Let's take $$0\rightarrow \mathbb{Z}_{2} \overset{\psi }{\rightarrow} \mathbb{Z}_{4} \overset{\varphi }{\rightarrow} \mathbb{Z}_{2}\rightarrow 0$$ and assume there is a splitting homomorphism $\pi:\Bbb Z_2 \to \Bbb Z_4$. What are the possible $\pi$? Well, $\pi(0) = 0$ is a given, and $\pi(1) \neq 0$ if we want $\varphi\circ\pi = id_{\Bbb Z_2}$. But we need to have $\pi(1) + \pi(1) = \pi(1+1) = \pi(0) = 0$ in $\Bbb Z_4$, which forces $\pi(1) = 2$.

Now, what does this say about the possibility of a splitting? Well, we want $$1 = id_{\Bbb Z_2}(1) = \varphi(\pi(1)) = \varphi(2) = \varphi(1+1) = \varphi(1) + \varphi(1) $$ (as elements of $\Bbb Z_2$). But this is impossible. This means that our assumption that there is such a $\pi$ must be false, and the sequence does not split.

On the other hand, for the sequence with the direct sum, it does split. Exactly how it splits depends on the details of $\bar\psi$ and $\bar\varphi$, but let's say that $\bar\psi(1) = (1, 0)$ and $\bar\phi(a, b) = b$. In that case, $\bar\pi(1) = (0, 1)$ works as a splitting homomorphism.

In general, when dealing with abelian groups, an exact sequence splits iff the middle term is the direct product of the right and left terms, $\psi$ is the corresponding inclusion and $\varphi$ is the corresponding projection. $\pi$ will be the corresponding inclusion ("opposite" of $\psi$).

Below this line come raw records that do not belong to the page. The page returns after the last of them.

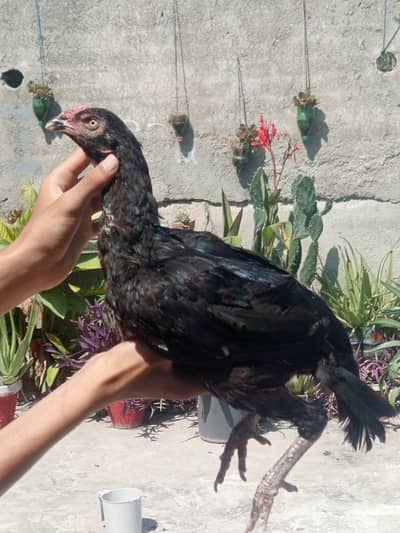 zero size Aseel female lasani for sale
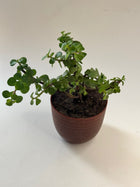 Jade plant Eco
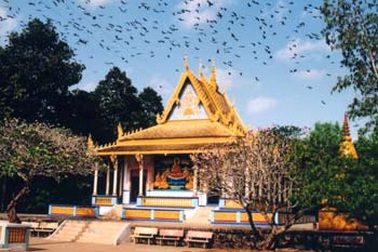 Nhiều đàn dơi lớn đổ về chùa Dơi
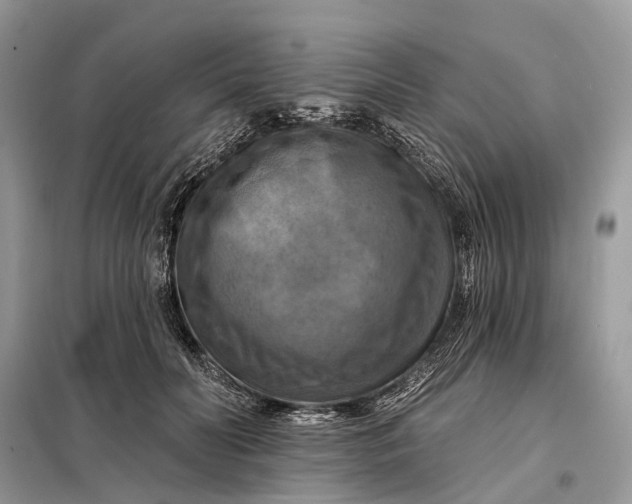 X0000098210606200805081136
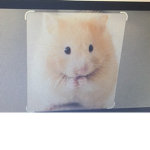 Hamster94112 Group’s .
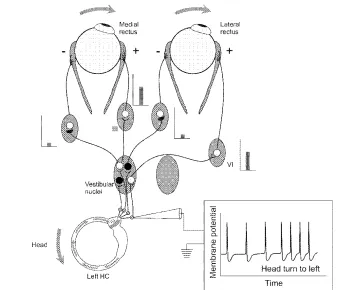 Fig. 2. Neural connections in the direct pathway for the vestibulo-ocular reflex (VOR) from excitation of the left horizontal canal (HC) 
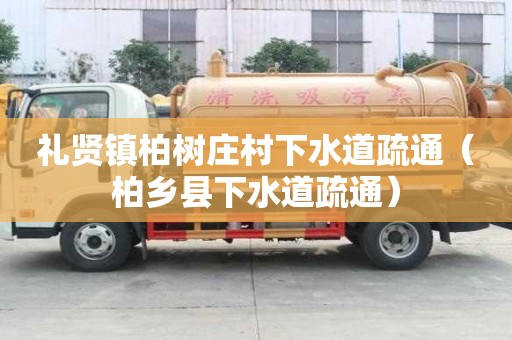 禮賢鎮(zhèn)柏樹(shù)莊村下水道疏通（柏鄉(xiāng)縣下水道疏通）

Suppose that the exact sequence: $$0\rightarrow \mathbb{Z}_{2} \overset{\psi }{\rightarrow} \mathbb{Z}_{4} \overset{\varphi }{\rightarrow} \mathbb{Z}_{2}\rightarrow 0$$ is split, then the group $\mathbb {Z}_{4}$ must be the semi-direct product of $\mathbb{Z}_{2}$ by $\mathbb{Z}_{2}$. Since the only automorphism of $\mathbb{Z}_{2}$ is the identity so the action would be trivial. Hence $\mathbb {Z}_{4}$ becomes the direct product $\mathbb{Z}_{2}\times \mathbb{Z}_{2}$.But this is impossible.